== Input material ==

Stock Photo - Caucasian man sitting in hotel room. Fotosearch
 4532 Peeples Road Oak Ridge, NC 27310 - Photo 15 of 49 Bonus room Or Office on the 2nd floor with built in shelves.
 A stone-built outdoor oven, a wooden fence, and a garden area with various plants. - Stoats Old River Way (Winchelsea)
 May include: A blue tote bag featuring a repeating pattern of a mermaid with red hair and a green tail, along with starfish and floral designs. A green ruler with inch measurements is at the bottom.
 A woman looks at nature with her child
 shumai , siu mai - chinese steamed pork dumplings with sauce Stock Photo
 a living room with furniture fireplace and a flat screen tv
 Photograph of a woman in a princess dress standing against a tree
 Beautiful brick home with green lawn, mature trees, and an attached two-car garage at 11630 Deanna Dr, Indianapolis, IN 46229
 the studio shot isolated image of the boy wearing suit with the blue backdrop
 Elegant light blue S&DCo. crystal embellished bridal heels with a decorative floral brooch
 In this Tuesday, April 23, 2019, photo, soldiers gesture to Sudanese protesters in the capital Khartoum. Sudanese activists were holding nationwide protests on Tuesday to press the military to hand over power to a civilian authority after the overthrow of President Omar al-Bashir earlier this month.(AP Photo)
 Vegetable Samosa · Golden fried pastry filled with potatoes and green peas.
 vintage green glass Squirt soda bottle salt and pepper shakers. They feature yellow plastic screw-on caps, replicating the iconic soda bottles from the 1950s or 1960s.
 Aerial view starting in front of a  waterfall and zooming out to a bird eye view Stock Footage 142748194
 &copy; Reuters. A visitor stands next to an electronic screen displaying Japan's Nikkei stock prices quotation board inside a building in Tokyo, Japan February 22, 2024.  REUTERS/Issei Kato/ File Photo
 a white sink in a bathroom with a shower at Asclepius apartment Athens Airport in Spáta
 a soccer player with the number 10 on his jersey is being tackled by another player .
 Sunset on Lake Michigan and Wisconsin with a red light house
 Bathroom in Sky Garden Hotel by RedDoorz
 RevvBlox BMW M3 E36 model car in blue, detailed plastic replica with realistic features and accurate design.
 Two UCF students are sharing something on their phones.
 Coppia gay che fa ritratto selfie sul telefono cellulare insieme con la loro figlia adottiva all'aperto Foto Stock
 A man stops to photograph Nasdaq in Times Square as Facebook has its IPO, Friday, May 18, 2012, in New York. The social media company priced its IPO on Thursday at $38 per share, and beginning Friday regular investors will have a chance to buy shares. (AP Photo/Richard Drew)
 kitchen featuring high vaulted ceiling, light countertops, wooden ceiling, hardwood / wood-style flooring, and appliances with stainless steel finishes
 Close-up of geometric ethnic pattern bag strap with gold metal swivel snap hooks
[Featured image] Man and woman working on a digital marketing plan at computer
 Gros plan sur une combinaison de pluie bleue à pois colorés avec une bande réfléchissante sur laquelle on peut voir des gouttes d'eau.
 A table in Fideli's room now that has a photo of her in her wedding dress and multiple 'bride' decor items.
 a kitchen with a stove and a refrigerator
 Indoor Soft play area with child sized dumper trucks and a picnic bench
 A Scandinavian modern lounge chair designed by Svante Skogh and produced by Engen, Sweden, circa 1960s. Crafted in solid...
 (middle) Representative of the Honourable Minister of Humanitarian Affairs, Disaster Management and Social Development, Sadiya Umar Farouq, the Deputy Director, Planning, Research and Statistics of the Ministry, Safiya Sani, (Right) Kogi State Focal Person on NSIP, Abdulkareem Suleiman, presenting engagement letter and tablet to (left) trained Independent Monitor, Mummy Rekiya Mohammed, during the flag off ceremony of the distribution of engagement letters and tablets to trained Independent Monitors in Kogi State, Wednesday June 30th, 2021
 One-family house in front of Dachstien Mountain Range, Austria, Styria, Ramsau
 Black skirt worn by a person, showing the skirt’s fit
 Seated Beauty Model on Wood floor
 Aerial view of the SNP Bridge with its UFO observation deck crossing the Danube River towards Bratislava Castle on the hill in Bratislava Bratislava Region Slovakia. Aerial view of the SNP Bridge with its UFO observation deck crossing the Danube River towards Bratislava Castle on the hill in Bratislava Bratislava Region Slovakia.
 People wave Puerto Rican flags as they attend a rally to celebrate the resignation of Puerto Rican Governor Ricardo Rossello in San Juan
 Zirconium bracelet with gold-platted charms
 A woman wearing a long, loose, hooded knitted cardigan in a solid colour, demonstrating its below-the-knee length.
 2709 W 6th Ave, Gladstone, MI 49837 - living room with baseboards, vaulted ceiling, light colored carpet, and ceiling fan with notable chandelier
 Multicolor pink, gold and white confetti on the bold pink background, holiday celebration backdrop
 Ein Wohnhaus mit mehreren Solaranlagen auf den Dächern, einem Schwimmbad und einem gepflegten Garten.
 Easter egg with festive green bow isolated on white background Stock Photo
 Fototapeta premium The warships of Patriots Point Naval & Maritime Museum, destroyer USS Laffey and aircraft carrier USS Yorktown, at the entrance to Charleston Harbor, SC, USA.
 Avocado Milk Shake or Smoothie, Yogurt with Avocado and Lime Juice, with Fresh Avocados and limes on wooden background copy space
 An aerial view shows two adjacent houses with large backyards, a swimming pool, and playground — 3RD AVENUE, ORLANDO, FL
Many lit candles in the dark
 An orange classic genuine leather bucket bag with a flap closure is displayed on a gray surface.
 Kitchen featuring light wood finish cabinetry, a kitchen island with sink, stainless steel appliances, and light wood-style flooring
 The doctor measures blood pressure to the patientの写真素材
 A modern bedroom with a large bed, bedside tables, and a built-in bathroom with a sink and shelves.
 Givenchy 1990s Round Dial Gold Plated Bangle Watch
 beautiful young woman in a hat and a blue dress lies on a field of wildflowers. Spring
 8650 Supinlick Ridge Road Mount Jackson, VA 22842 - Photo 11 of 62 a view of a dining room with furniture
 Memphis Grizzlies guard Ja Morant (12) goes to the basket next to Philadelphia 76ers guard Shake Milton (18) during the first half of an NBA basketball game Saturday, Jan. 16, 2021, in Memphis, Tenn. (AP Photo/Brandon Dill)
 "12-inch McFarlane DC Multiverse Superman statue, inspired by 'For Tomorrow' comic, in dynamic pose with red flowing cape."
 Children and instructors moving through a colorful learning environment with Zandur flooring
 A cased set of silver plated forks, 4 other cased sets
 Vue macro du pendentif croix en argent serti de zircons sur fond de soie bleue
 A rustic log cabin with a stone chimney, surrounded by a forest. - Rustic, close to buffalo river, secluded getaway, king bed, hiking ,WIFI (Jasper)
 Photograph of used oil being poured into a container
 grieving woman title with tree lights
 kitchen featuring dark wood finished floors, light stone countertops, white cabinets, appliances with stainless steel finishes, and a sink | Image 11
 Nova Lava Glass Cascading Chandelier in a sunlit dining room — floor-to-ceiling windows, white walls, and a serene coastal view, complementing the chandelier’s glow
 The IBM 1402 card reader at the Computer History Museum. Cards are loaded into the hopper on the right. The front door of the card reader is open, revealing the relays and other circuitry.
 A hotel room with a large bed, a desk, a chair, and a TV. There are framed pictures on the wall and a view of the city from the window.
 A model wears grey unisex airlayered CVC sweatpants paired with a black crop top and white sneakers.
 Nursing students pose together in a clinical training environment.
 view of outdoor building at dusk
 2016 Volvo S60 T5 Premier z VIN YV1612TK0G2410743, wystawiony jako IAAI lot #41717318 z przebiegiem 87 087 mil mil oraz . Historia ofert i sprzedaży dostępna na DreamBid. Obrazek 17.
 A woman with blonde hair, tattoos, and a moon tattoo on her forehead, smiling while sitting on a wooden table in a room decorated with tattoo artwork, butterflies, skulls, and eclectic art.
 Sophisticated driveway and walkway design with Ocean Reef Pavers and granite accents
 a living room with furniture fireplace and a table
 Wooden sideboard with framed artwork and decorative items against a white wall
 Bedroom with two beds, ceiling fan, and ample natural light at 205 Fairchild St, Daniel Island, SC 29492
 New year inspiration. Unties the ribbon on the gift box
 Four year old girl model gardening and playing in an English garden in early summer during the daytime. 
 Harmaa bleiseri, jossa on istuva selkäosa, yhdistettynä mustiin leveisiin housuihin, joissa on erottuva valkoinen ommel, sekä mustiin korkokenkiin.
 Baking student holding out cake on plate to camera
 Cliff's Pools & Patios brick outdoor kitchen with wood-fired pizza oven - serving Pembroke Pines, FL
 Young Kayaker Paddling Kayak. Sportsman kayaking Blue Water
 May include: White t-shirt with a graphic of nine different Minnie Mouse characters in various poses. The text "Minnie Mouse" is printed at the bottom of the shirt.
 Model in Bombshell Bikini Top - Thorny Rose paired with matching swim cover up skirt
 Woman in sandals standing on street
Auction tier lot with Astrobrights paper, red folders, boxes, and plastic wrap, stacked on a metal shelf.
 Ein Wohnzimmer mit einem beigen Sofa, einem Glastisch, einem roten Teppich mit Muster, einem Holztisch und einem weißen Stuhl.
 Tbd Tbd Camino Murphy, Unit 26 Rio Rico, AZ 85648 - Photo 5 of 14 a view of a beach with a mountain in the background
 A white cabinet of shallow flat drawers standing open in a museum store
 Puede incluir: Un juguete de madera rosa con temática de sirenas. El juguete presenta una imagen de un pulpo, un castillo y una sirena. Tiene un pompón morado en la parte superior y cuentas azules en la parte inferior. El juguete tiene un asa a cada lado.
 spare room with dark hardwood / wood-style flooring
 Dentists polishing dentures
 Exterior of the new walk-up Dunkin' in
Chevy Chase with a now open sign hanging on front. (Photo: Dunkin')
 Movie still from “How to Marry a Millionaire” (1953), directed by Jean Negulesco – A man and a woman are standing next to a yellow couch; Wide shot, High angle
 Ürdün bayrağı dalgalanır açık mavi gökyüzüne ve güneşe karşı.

===

# [Required action]
List each line of the records that holds the string "wearing".

# [Exercise solution]
 the studio shot isolated image of the boy wearing suit with the blue backdrop
 A woman wearing a long, loose, hooded knitted cardigan in a solid colour, demonstrating its below-the-knee length.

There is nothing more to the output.